The economy remains in good shape. Fourth-quarter real U.S. GDP (preliminary) suggested economic activity grew for an eleventh-consecutive quarter, at a 2.3% annualized pace. Full-year 2024 appears to have grown by 2.8%, compared to 2.9% in 2023. This latest reading is in line with expectations for growth to decelerate to 2.1% in 2025. Meanwhile, the labor market is healthy, including steady job and wage growth with low unemployment near 4%. The Federal Reserve will remain data-dependent with regard to how quickly it may further reduce benchmark rates, but they do plan to continue lowering rates, a benefit for major markets.
For the equity side of portfolios, the fourth quarter saw the S&P 500 rise 2.1% and the Nasdaq climb 6.2%, even as the 10-year Treasury yield jumped 77 bps to 4.58%. A healthy economy and labor market are leading economists to pencil in earnings growth of 10-15% for the S&P 500 over this coming year. Consumer, business, and investor confidence remains high. Throw in the potential for lower taxes, less regulation, and a growth-friendly business environment, and one can paint a favorable picture for what the next year could bring to equities. But risks are always present.
One risk is that the AI leaders have been very large contributors to overall market performance. The AI impact on the real economy is still in the early stages, with potential for significant productivity gains across a wide swath of industries. Yet January brought more than one hiccup to this space. If additional challenges present themselves, it’s possible CEOs may rein in data center spending. A second risk is valuations – the price investors are willing to pay for an earnings stream – which are historically high. A third concern is inflation, particularly the unknown effect of future policy actions. Tariffs and fiscal deficits have the potential to be inflationary – a concern the Federal Reserve noted in their most recent meeting minutes.

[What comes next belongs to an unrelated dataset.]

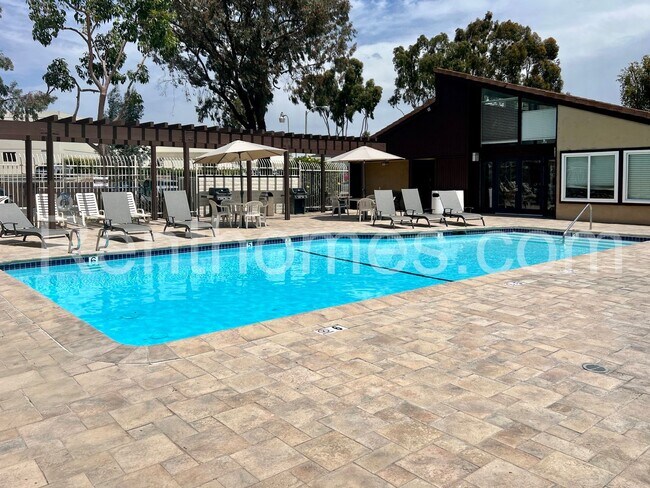 Building Photo - 3456 Castle Glen Dr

When the dust finally settled in 2024, our Intelligent Fixed Income (IFI) strategy was near the top of nearly all U.S. Fixed Income choices. Buoyed by an improving economic backdrop and recovering security prices, the strategy posted solid double-digit total return gains for clients. This compares to paltry returns in the Bloomberg Aggregate Bond index (+1.25% in 2024).
Intelligent Fixed Income is off to a strong start here in 2025. We have seen a flurry of new issues in the preferred market, including several big bank preferreds. For example, JP Morgan (6.50% Fixed-to-Float), Goldman Sachs (6.85% Fixed-to-Float) and Citigroup (6.95% Fixed-to-Float) all issued preferreds. One major benefit of a boutique like Ulland Investment Advisors is our ability to quickly add a new issue to a portfolio in a meaningful way. Our goal is to make sure our clients achieve the desired allocation without compromising price or liquidity.
With the current IFI strategy income rate around 6.50%, and potential price appreciation if interest rates fall, we expect another solid year on the fixed income side. We still anticipate further rate cuts by the Federal Reserve in 2025 and 2026. Over the next 24 months we expect the Fed to land close to their neutral rate, which we estimate to be around 3.50%. We expect the 10-year Treasury to move closer to 4.25% by the end of 2025. As always, we will have both hands on the wheel if things materially change with regard to this outlook.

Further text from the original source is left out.